JAKARTA - Komisi Pemilihan Umum menunggu putusan Mahkamah Konstitusi terkait uji materi Pasal 205 Ayat 4 Undang-Undang Nomor 10 Tahun 2008 tentang Pemilu Anggota Dewan Perwakilan Rakyat, Dewan Perwakilan Daerah, dan Dewan Perwakilan Rakyat Daerah.
Setelah putusan Mahkamah Konstitusi (MK) keluar, Komisi Pemilihan Umum (KPU) menentukan langkah untuk melaksanakan putusan MK terkait penghitungan tahap ketiga perolehan kursi di DPR.

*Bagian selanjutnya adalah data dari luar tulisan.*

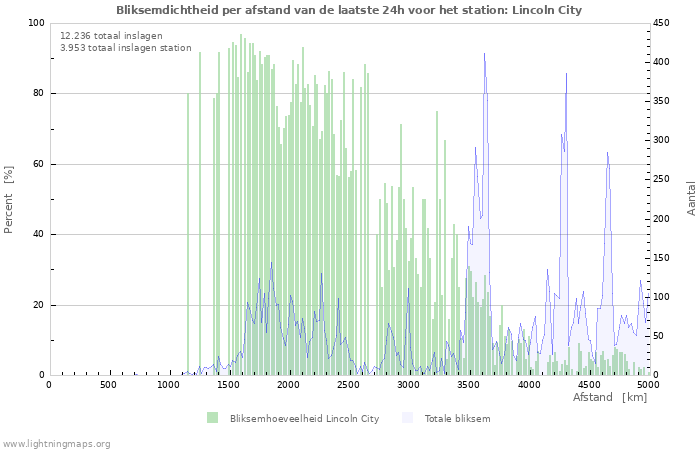 Grafieken: Bliksemdichtheid per afstand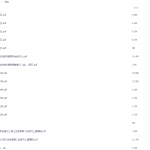 2021学而思高三周云生物寒假二轮复习目标清北(上)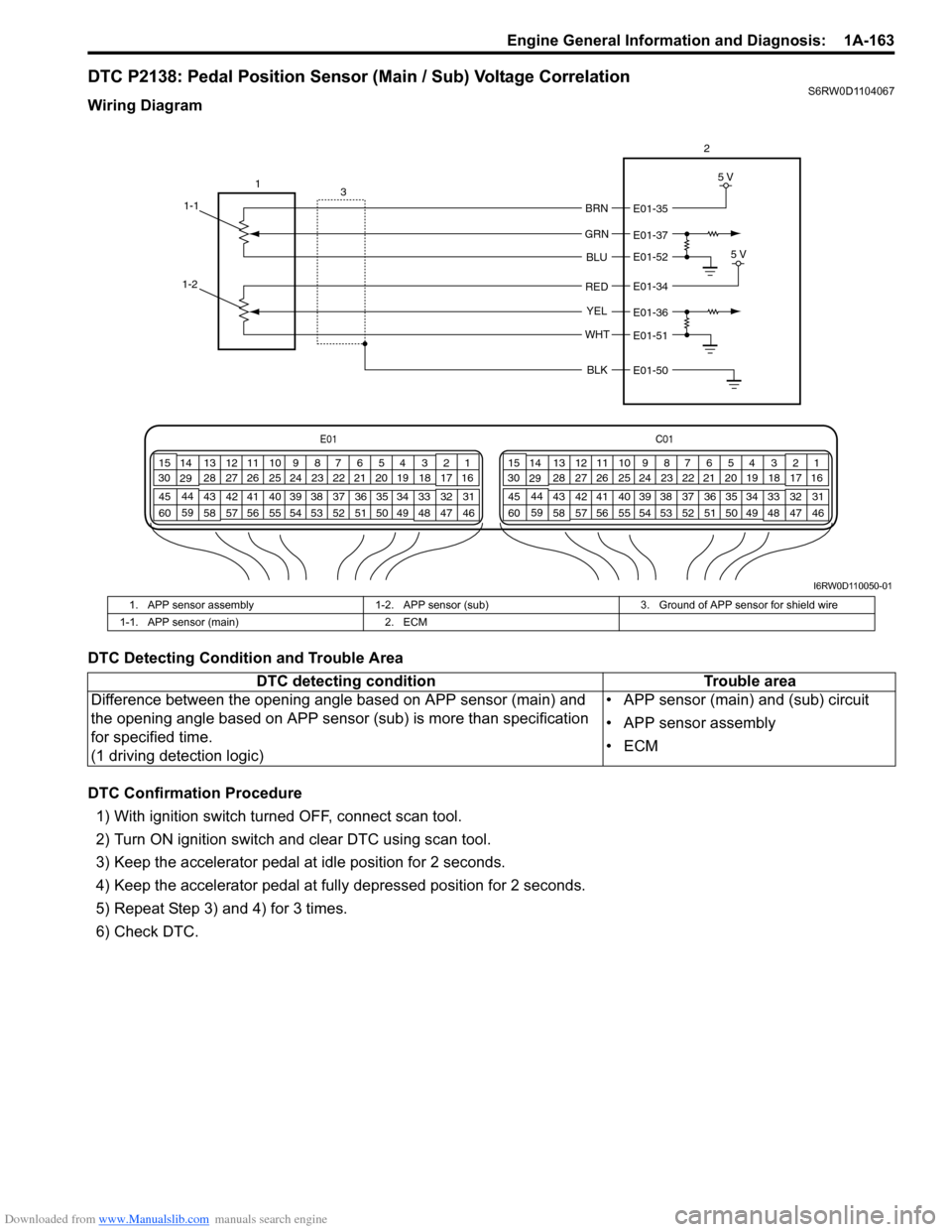 SUZUKI SX4 2006 1.G Service Workshop Manual Downloaded from www.Manualslib.com manuals search engine Engine General Information and Diagnosis: 1A-163
DTC P2138: Pedal Position Sensor (Main / Sub) Voltage CorrelationS6RW0D1104067
Wiring Diagram SUZUKI SX4 2006 1.G Service Workshop Manual Downloaded from www.Manualslib.com manuals search engine Engine General Information and Diagnosis: 1A-163
DTC P2138: Pedal Position Sensor (Main / Sub) Voltage CorrelationS6RW0D1104067
Wiring Diagram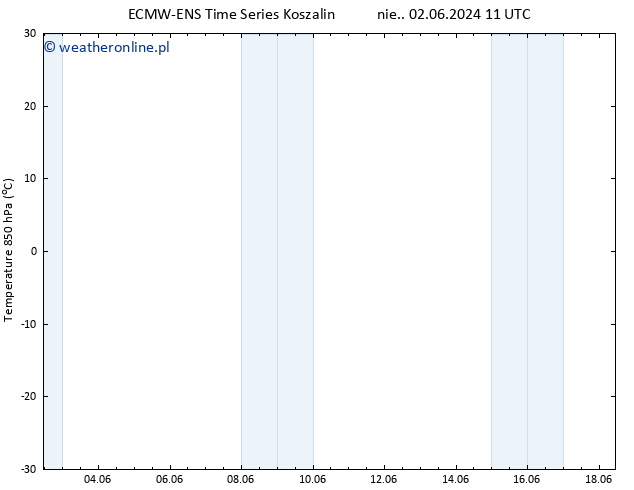 Temp. 850 hPa ALL TS czw. 06.06.2024 11 UTC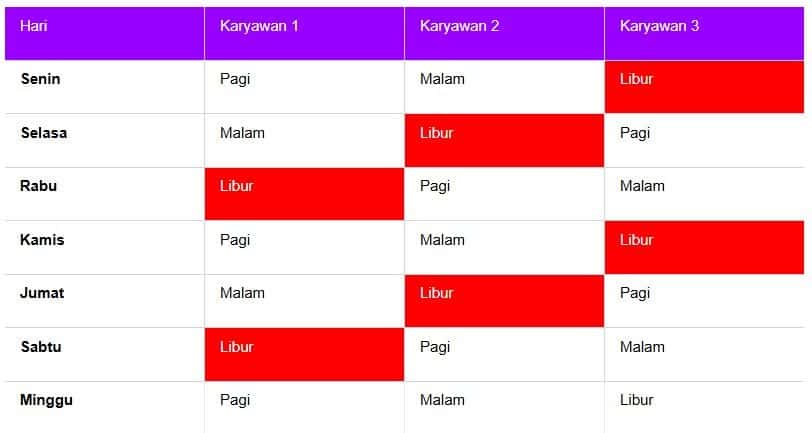 tabel jadwal kerja 2 shift.jpg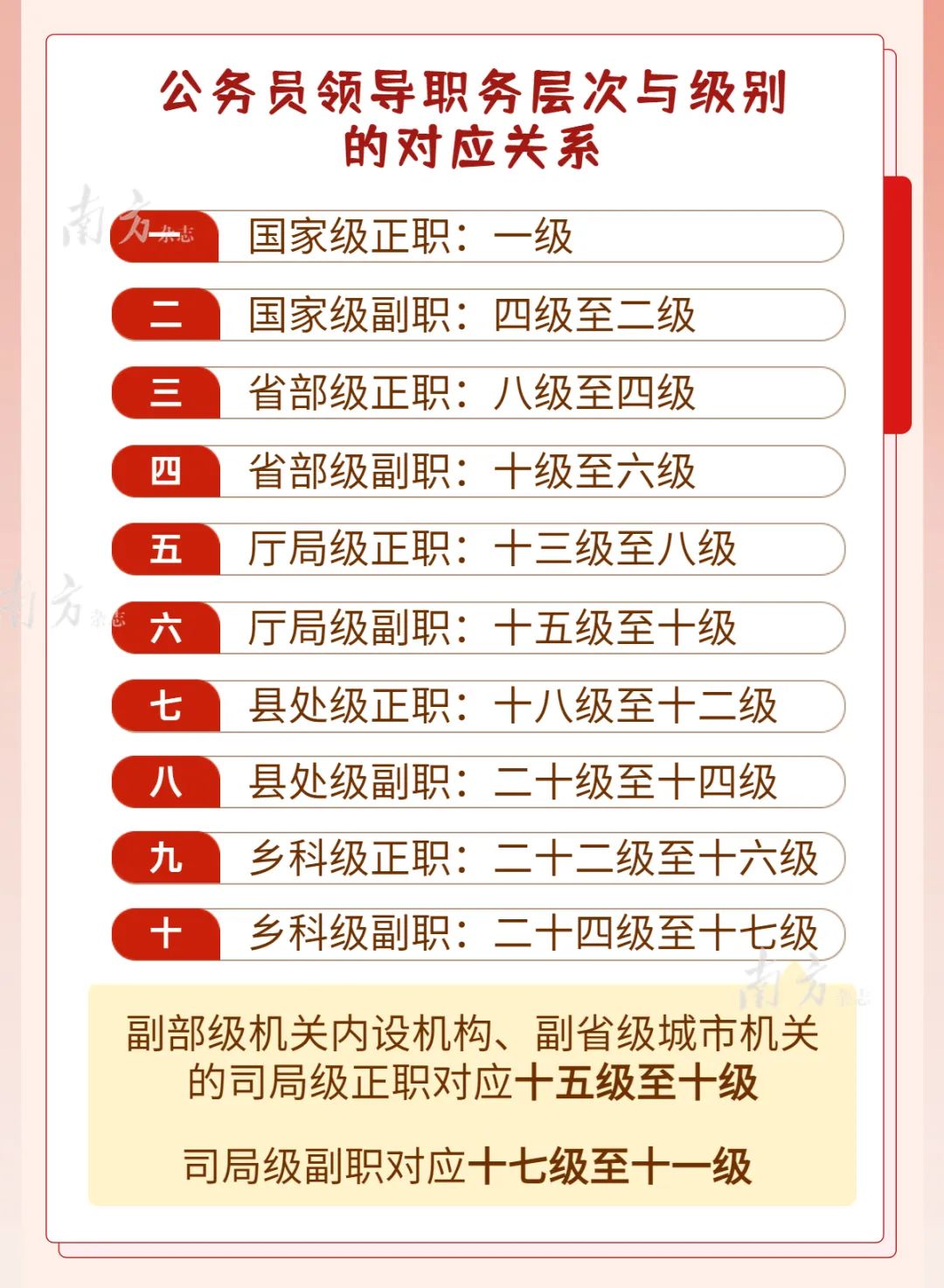 深度解析:探尋前國防部長(zhǎng)楊宇軍祖籍背后的信息與考量
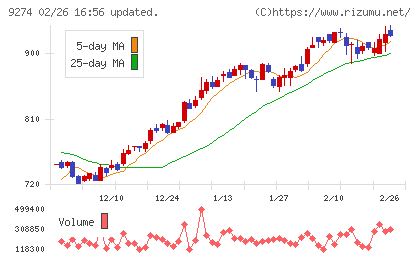 ＫＰＰグループホールディングスチャート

Hal itu dikatakan Ketua KPU Abdul Hafiz Anshary seusai bertemu dengan Perhimpunan Advokat Indonesia Pengawal Konstitusi (PAIP Konstitusi), Kamis (6/8) di Jakarta. Pembacaan putusan MK akan dibacakan pada Jumat ini.
Gugatan terhadap Pasal 205 Ayat 4 UU No 10/2008 terkait pembagian kursi tahap II di DPR dan DPRD. Putusan itu mampu menyelesaikan kontroversi pembagian kursi DPR dan DPRD.
Gugatan itu diajukan Partai Gerakan Indonesia Raya (Gerindra), Partai Hati Nurani Rakyat (Hanura), Partai Keadilan Sejahtera (PKS), dan empat calon anggota legislatif dari Partai Persatuan Pembangunan (PPP). Hanura, Gerindra, dan caleg PPP meminta MK membatalkan Pasal 205 Ayat 4, 211 Ayat 3, dan Pasal 212 Ayat 3 UU No 10/2008.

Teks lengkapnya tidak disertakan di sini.